Observability for Notion’s Redis Queue

Grace Nguyen, Xiaoya He

Engineering

When a user performs an import or export action in Notion, our application servers add tasks to a task queue to be processed asynchronously. This is one of many examples of how we use a task queue to handle heavy-lift operations. During my 12-week internship, I had the opportunity to build a solution to a pressing Notion infrastructure concern: Our task queue had become difficult to scale and we didn’t know where all the tasks were coming from. To fix these problems, I implemented and deployed to production a queue proxy service, decoupling the queue internals from queue users and achieving full traffic observability.

Task queue architecture and challenges

Notion uses a queue system implemented on top of Redis to manage and execute async and background tasks. At any given time, our queue includes about 100 million tasks with an enqueuing rate of up to 10,000 tasks per second. The majority of enqueued tasks execute business logic for our product or serve as our cronjob processor. Tasks triggered by user actions make up only a quarter of the workload.

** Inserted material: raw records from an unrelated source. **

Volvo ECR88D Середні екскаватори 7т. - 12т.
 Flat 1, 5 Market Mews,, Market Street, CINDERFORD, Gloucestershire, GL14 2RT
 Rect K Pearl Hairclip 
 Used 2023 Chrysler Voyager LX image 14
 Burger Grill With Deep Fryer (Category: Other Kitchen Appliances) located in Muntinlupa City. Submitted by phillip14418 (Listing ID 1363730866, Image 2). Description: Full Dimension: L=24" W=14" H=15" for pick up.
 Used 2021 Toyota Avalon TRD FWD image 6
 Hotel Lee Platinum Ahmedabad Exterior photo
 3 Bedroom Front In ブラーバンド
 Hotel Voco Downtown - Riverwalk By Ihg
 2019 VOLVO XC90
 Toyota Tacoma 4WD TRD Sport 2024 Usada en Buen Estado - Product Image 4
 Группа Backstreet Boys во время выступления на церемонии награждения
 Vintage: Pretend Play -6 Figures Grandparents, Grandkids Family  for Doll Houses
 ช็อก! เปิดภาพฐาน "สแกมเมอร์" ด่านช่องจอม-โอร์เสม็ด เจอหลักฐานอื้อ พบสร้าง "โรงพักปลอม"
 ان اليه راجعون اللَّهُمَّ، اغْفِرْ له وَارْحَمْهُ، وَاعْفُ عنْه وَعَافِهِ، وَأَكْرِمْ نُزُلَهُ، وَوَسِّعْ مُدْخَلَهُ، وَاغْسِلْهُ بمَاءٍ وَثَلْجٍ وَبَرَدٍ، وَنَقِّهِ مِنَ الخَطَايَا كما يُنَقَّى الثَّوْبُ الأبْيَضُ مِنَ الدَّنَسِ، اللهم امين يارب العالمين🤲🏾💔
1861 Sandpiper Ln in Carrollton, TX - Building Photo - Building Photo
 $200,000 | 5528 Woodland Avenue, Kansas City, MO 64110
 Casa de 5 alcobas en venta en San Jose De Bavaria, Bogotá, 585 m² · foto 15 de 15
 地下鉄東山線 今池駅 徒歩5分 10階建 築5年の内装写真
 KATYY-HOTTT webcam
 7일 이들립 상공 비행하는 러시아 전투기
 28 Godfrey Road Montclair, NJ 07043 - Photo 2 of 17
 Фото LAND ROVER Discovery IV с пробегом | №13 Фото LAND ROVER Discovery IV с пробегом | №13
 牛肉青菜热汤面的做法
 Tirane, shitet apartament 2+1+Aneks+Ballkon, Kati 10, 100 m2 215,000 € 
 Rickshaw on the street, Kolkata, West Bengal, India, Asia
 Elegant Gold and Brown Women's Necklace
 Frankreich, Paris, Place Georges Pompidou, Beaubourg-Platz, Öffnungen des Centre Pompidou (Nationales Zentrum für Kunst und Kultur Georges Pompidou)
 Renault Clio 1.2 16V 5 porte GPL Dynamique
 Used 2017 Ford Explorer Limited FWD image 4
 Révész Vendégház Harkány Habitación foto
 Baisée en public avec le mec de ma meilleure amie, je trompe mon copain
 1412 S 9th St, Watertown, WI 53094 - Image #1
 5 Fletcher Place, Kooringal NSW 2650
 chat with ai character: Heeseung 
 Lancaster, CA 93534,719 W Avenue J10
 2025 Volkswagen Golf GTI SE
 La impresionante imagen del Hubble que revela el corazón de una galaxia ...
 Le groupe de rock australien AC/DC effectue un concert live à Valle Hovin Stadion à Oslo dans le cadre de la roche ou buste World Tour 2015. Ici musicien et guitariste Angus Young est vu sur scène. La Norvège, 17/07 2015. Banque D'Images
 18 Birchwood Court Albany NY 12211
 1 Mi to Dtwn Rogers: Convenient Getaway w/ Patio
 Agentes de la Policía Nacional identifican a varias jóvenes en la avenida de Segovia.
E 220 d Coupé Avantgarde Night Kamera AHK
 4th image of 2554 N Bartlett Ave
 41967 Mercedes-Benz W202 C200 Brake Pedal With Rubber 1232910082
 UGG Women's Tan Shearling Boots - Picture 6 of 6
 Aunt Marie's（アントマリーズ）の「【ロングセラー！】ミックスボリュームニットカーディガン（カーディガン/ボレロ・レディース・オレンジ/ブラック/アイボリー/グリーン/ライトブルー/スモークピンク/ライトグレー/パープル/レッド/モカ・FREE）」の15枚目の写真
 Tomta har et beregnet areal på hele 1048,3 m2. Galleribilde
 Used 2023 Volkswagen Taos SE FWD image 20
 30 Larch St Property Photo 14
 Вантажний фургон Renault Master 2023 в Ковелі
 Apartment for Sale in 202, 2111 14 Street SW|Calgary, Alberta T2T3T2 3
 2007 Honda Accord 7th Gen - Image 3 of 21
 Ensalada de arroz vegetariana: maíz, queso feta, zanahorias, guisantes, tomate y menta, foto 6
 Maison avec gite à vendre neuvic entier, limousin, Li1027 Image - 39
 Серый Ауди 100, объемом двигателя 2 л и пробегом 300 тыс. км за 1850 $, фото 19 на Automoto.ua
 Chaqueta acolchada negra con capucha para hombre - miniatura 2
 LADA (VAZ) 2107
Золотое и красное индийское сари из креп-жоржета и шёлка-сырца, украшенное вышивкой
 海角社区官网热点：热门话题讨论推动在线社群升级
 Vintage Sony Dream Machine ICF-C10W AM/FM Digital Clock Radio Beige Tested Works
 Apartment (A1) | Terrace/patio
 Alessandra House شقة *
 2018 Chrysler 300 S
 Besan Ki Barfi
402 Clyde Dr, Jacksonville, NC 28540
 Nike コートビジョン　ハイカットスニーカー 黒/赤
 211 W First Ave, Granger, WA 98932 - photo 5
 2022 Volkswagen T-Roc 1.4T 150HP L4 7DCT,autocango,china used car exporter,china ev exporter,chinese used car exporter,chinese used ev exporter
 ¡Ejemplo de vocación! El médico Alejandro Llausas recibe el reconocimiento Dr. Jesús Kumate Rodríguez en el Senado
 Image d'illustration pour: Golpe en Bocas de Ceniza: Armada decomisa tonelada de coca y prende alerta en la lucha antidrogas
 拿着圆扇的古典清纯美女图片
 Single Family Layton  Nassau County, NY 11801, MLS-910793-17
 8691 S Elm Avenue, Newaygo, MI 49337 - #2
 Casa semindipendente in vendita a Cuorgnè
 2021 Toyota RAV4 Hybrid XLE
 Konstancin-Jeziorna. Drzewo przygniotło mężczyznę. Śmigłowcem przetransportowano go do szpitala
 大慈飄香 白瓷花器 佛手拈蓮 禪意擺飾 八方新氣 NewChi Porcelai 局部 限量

The task queue is a crucial building block for how our users experience the product and some of its heavier operations, but many other systems and services interacted directly with the queue through Redis clients, creating tight coupling and observability blind spots.

Prior to this project, our enqueueing logic was embedded as a client library inside the application code: tasks are enqueued to one of 12 Redis servers using a hash of the tasks’ IDs. This required all of our app’s business logic to have knowledge of all Redis servers and configurations. To enqueue, our app servers directly interacted with the Redis servers to place a task onto the sorted set. There were two major downsides to this:

  1. The code for our product and the Redis clients were tightly coupled, which prevented us from achieving contained blast radius, security control, and deployment flexibility. For example, changes to Redis servers, like swapping hosts or adding capacity, required a redeployment across all services to maintain the connection to those Redis servers.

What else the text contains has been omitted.